奈良県 天理市柳本町 長岳寺地蔵石仏笠塔婆
長岳寺は山辺の道沿いにある古刹で、高野山真言宗、釜口山と号する。境内や付近には見るべき石造美術が多い。境内は季節の花々や紅葉が美しく、石造のみならず仏像や建造物も優れたものが残されている。本堂前、向かって右手、やや奥まった不動石仏の前に笠塔婆が立っている。現在載せられている笠石は、境内にあった適当なものを見繕って載せられたものというが、当初の姿を彷彿とさせるには十分である。軸部は現状高約151.5cm、幅約33cm、厚さ約18cmの扁平な角柱状で、花崗岩製。本堂前から一段上った大師堂に通じる石階段の下から5段目の延石に使われていたのが、昭和50年6月、石階段修復のためひっくり返すと像容と刻銘が見つかったため、取り出され現在の位置に移された経緯がある。上端面には枘の痕跡が認められたという。右側隅が一様に欠損しているのは石階段に転用された際に打ちかかれたものだろう。正面上方に舟形光背形を彫り沈め、内に像高約45cmの地蔵菩薩立像を半肉彫りする。右手に錫杖、左手に宝珠の通有の地蔵像で、衣文はやや簡素であるがプロポーションはまずまず整っており、表情は端正で、錫杖の彫り方などは丁寧である。蓮華座は光背彫り沈めの下端外側に線刻に近い薄肉彫りで表現され、蓮弁は5葉の請花の下に反花7葉を組み合わせており、凝った表現と言える。正面中央に約28cm×約18cmの横長の長方形を浅く彫り沈め、その中に相対する一対の僧形像を薄肉彫りしてる。向かって右側の像は岩座のようなものの上にあって経机前に端座しているように見える。左像は膝をついて合掌し右像を拝んでいる。師弟の僧の姿を表していると見られている。その下方の平坦面に中央に一行の陰刻銘がある。「元亨二年(1322年)壬戌卯月日僧行春」と判読されている。清水俊明氏は、願主が行春で、師僧の供養のために造立されたのではないかと推定されている。さらに、境内に残る、初重軸部に珍しい獅子に跨る文殊菩薩を刻んだ層塔が西大寺叡尊(1201年~1290年)による供養塔と伝えられ、弘安年間にここで叡尊が梵網経を講じたとも伝えられることなど、当時の長岳寺が叡尊と関わりがあったこと、そして元亨二年が叡尊の三十三年忌に当ることから、供養の対象になった師僧が叡尊ではないかと推定されている。となれば刻まれた師僧像は叡尊その人の像である可能性があって注目されるが、摩滅が進んで像容が見えづらくなっているのが惜しまれる。

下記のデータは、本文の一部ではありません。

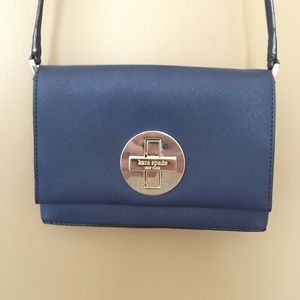 Crossbody purse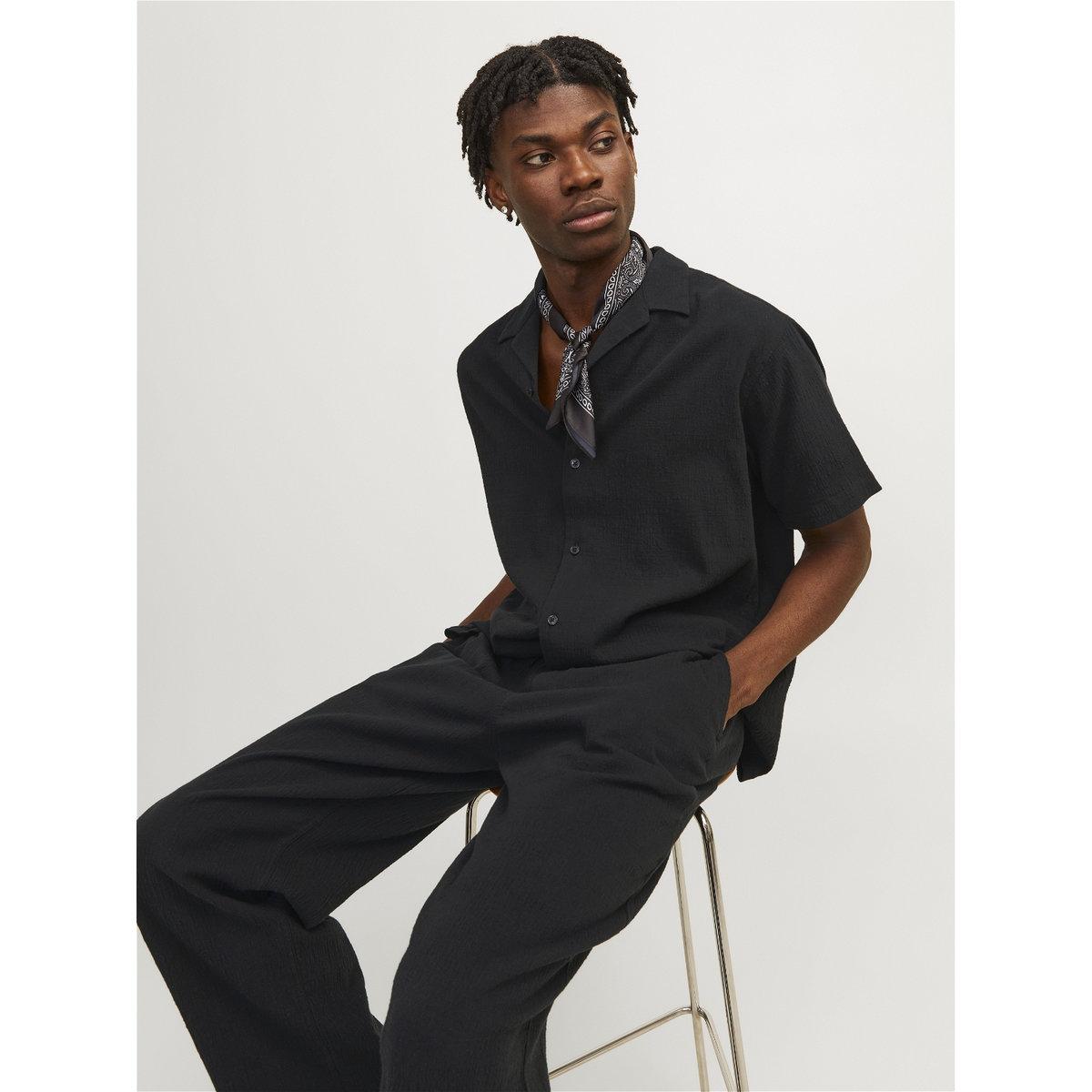 قميص بقصة عادية وياقة ريزورت-men-clothing-shirts-image-2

写真左下:師弟の僧と思われるレリーフ。左側が願主の行春、そして向かって右側こそが思円上人か?
参考:清水俊明 「長岳寺元亨銘石仏と暗峠弘安銘笠塔婆」『史迹と美術』456号
〃 『大和の石仏』(増補版)
川勝政太郎 新装版『日本石造美術辞典』
文中法量値は清水俊明氏の報文によります。同報文によると、昭和の初めに石階段を修復した際に転用されてしまったらしく、昭和50年の6月20日、偶然石材から石仏と刻銘の一部を見つけられた御住職からの連絡を受けて清水氏がその日のうちに飛んでいったそうです。刻銘部分には昭和の初めの頃のセメントがこびりついており、御住職と清水氏が協力し取り除かれたそうです。
昭和の初めから40年くらいの間は石段として人々に踏まれてきたわけで、何ともおいたわしいことでしたが、こうして再び陽の目をみることになったのは喜ばしい限りです。
弥勒石仏、板五輪塔婆、宝篋印塔、層塔、五智墓の石塔群、奥の院の不動石仏等々境内と付近には石造ファン必見の優れた石造がたくさんあってとてもいっぺんには紹介しきれません。折々ご紹介していきたいと思います。長岳寺さんはご本尊、楼門など数々の優れた文化財に加え、何より、いかにもな大和の古寺の風情が色濃く残り、静かで風光明媚な佇まいが素晴らしいお寺です。それからお寺でいただけるそうめんもお薦めです。